The statement “I am an Ally” has become quite popular in recent years, but it’s not an identity–it’s an action. This means people shouldn’t proclaim themselves as allies, but should treat Allyship as a series of steps a privileged person takes against oppressive systems to support marginalised people. People can go through Allyship training to fully grasp these actions, and as groups continue to push for equality, it’s vital to understand what Allyship means.
Who Is an Ally?
An Ally is any individual who actively facilitates and promotes a culture of inclusion via positive, conscious, and intentional efforts that benefit other people.
Anyone can be an Ally because privilege is intersectional—non-Indigenous Australians can be actionable allies to Aboriginal and Torres Strait Islander people—as long as it is done respectfully. Many voices are better than one, and the need for allies is vital in Australia, where Indigenous people only make up 3.3% of the population.
What Is Allyship?
Allyship is a long-term process of building relationships based on consistency, accountability, and trust with marginalised groups of people or individuals. To create a solid Allyship, those you’re seeking to be allied with must recognise your efforts and work. Allyship offers us a chance to grow and discover more about ourselves while building confidence in others.
To be a devoted Ally, your actions and words must align, because empty words are detrimental and work against creating a culture of equality and inclusion. Allyship not only influences one person at a time, it’s also an agent of change that fosters an environment of support and acceptance.
Types of Allyship in society include:
- Cheerleaders–These are outspoken supporters of marginalised groups who draw attention to these groups in online forums and public places. These allies make their voices heard before large audiences through conferences, meetings, and social media.
- Researchers–These allies are hungry for information regarding what it’s like to be part of a marginalised community. They want to learn about the setbacks and difficulties that some of their friends have faced.
- Amplifiers–Minority, under-represented communities are heard, respected, and acknowledged thanks to these allies. Amplifiers pinpoint others’ contributions and use their platforms to communicate marginalised communities’ needs.
- Supporters–People from non-dominant communities may confide in supporters to express their anxieties, viewpoints, and concerns. These allies offer a safe, supportive, and trusting environment where people from underrepresented communities feel heard, secure, and respected.
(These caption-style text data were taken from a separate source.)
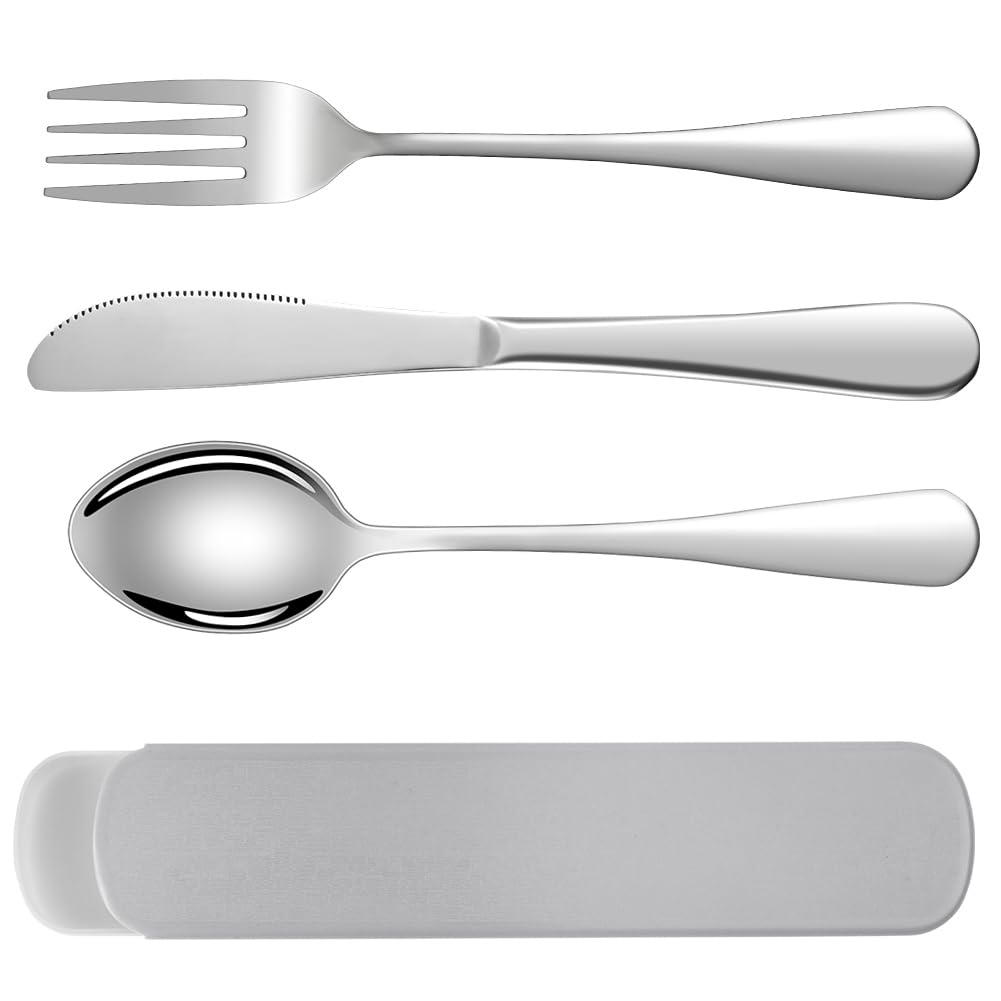 HOTUT 3 Pcs Travel Cutlery Set, Cutlery Set with Portable Pouch Case, Stainless Steel Flatware, Reusable, Portable Utensils for Home Outdoor Travel Picnic Office School Lunch Box, Grey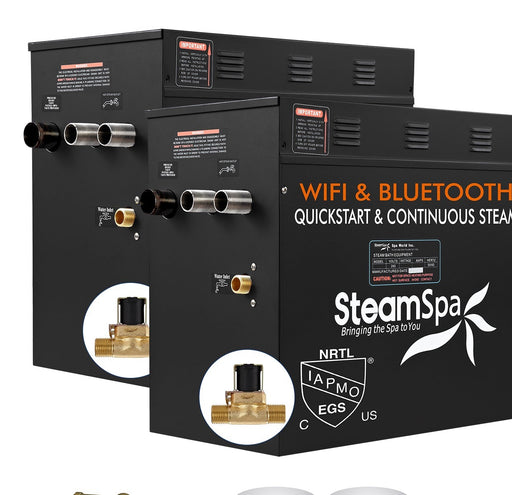 SteamSpa BKW2400CH-A 24 kW two generator units with AutoDrain valve, front three-quarter view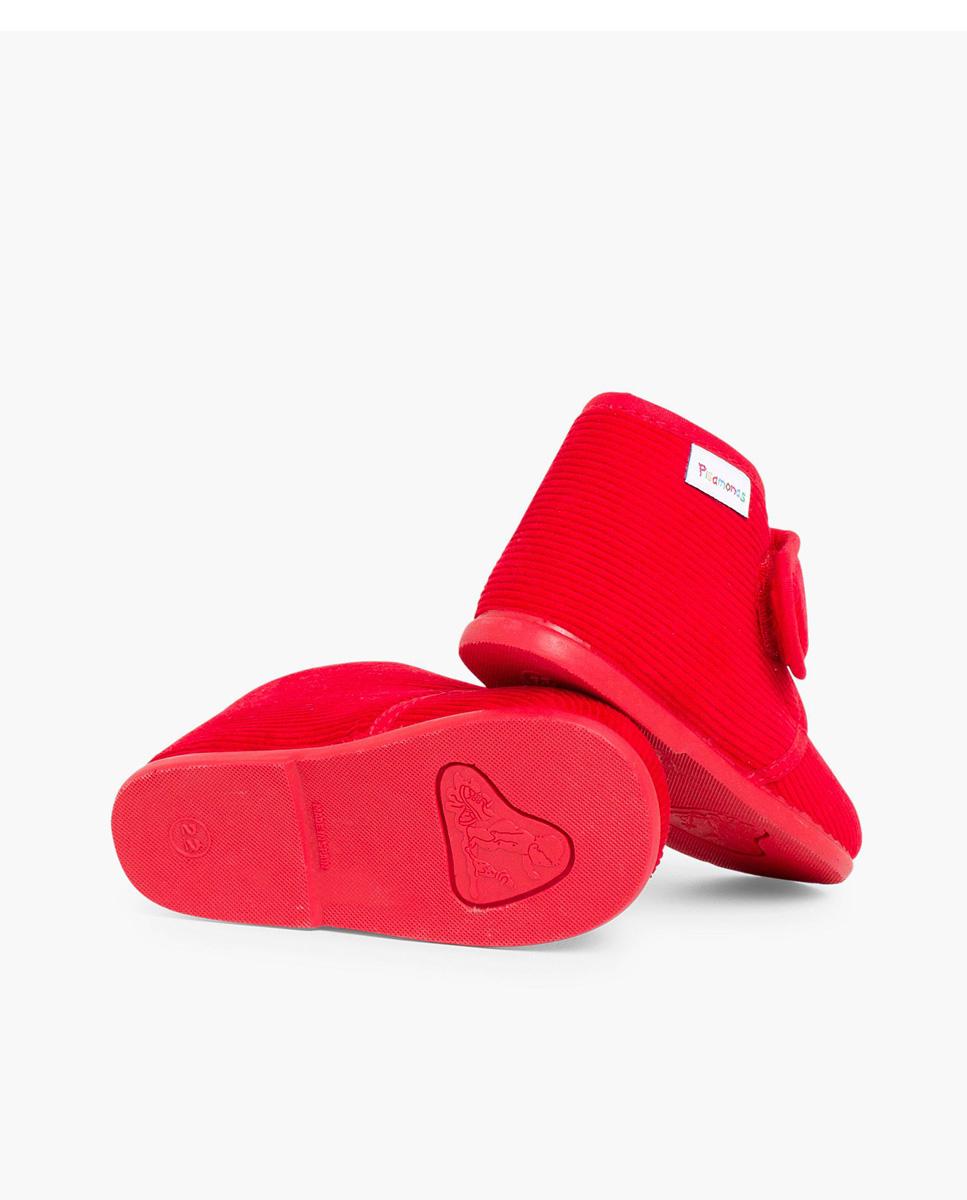 Zapatillas de casa cerradas de bebé niña casa bota pana - Pisamonas - Rojo Rojo-3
- Intervenors–Intervenors step in and take the right action quickly. They pinpoint problematic and offensive behaviour and use their platform to educate and defend where necessary.
How to Be an Ally to Indigenous Australians
Becoming an Indigenous Ally involves education, self-reflection, and listening. It also involves recognising that you’re coming into this space from a position of privilege and power.
Thus, it’s not enough to speak out against unfair systems or show up in solidarity—you must do what’s within your power to dismantle the unjust system and differentiate yourself from the opponents of Aboriginal and Torres Strait Islander people. You must also change your behaviours and be mindful to ensure you aren’t contributing to perpetuating the unjust system.
When working with Aboriginal and Torres Strait Islander people, there isn’t one way to form an Allyship—every person and community is different. Here are two tips that can help you get started:
- Learn the cultural and historical context–Being culturAlly competent and knowing the history of Indigenous Australians is crucial. The issues Aboriginal and Torres Strait Islander people face stem from many years of ongoing discrimination and trauma. Thus, it’s not the responsibility of the First Nations to educate you. To be a great Ally, you must be open to educating yourself about Indigenous cultures.
- Speak up when someone says something inappropriate–Whenever you hear a colleague, friend, family member, or any other person say something reinforcing negative racial stereotypes or dismissing Indigenous Australians, it’s vital to speak up. If you’re uncomfortable voicing your opinion about racial stereotypes or comments, share what you heard with fellow allies and ask for their support.
To form a true Allyship with Indigenous communities and marginalised groups, you must ensure your actions and words are in sync. Further, to be a genuine Ally, you must centre your stories around marginalised communities and not make it about yourself. You must support, listen, reflect, and make changes where necessary.
Allyship is a long-term investment of time in uplifting others, holding yourself accountable when you make mistakes, and being ready to change your approach towards Allyship. Becoming and remaining an Ally is a unique and sometimes challenging journey, but one everyone should take.